Sie berichtet weiter, daß ihr Mann so heftig auf die einwirkenden Chemikalien reagiert habe, daß er wohl schon beim Eintreffen des Notarztes nach Atemnot, heftigem Würgen und Husten so weit weggetreten war, daß man im Krankenhaus nicht mehr viel für ihn habe tun können.

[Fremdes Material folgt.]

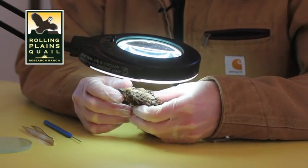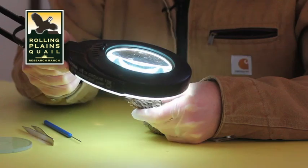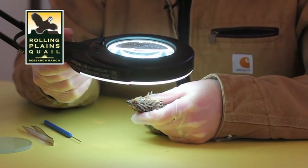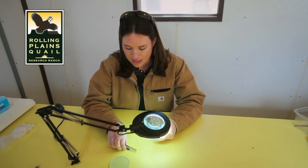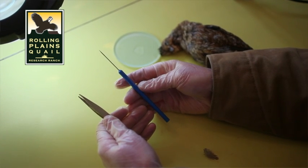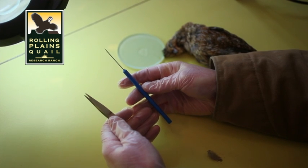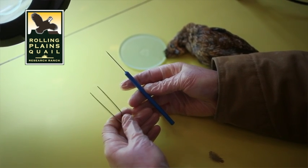I have a bird here that's been hunter shot, and looking for eye worms in birds that you shoot is really quite simple. You don't need any special equipment. I have here a dissecting probe, but you could use a needle or even a paper clip, and a simple pair of tweezers.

Sowas habe selbst ich noch nicht gehört und gebe meiner Verwunderung auch Ausdruck, doch Frau Mecklenburger winkt nur ab: „Ach, was wissen Sie denn schon? Wenn dem langweilig war, ist der auf die blödesten Ideen gekommen. Ich geh‘ Einkaufen und was macht der? Er kommt auf die Idee, ausgerechnet er, der noch nie in seinem Leben was gekocht hat, müsse jetzt Schnitzel braten. Das Paniermehl wollte ich vom Einkauf mitbringen und weil er keins gefunden hat, hat er die frischen Brötchen vom Frühstück in der Mikrowelle trocknen wollen. Wissen Sie was mit Brötchen passiert, die man zulange in der Mikrowelle läßt? Nein? Die fangen an zu brennen! Ja gut, gelöscht hat er selbst, aber was glauben Sie, wer die Sauerei wegputzen mußte? Ich! Und einen neuen Küchenschrank haben wir auch gebraucht! Nee, eine Hilfe war der nun mal wirklich nicht.“

„Was es nicht alles gibt“, sage ich und sie schnieft in ihr Taschentuch: „Samstags nach dem Frühstück hat er den Küchentisch belagert. Da war er gut drin! Dann hat er das Glücksheft genommen und die Zahlen ausgewertet und drei Stunden lang Lottoscheine ausgefüllt, das war immer schön, da hatte er dann was zu tun.“

„Meine Güte, wieviele Scheine hat ihr Mann denn ausgefüllt?“

„Drei Stück, immer drei Stück. Einen immer mit den gleichen Zahlen, seit 24 Jahren. Die anderen beiden streng wissenschaftlich nach einer eigenen Methode. Ich sag noch zu ihm: Such dir ein Hobby, sammel doch mal was! Doch er sagte nur: Wozu, Irma, wozu?“

„Manche haben ja im Alter einen Garten“, fällt mir noch so ein, doch Frau Mecklenburger sagt: „Pah! Der und Garten! Ich sitz‘ in der Wanne und mein Heinz kommt auf die Idee, er könne ja mal die Topfpflanzen auf der Fensterbank zurückschneiden. Alle ratzekahl abgeschnitten, alle, wirklich alle, nee, Gärtnern wäre für den auch nichts gewesen.“

„Ja aber irgendwas kann doch jeder.“

„Der aber nicht, der konnte bloß Lottoscheine ausfüllen.“

Sie sucht einen schönen Sarg raus, hat seinen Anzug schon gleich mitgebracht, will ein Reihengrab, Erdbestattung und eine schöne Trauerfeier mit passender Musik.

Tja, was für Musik könnte da passen?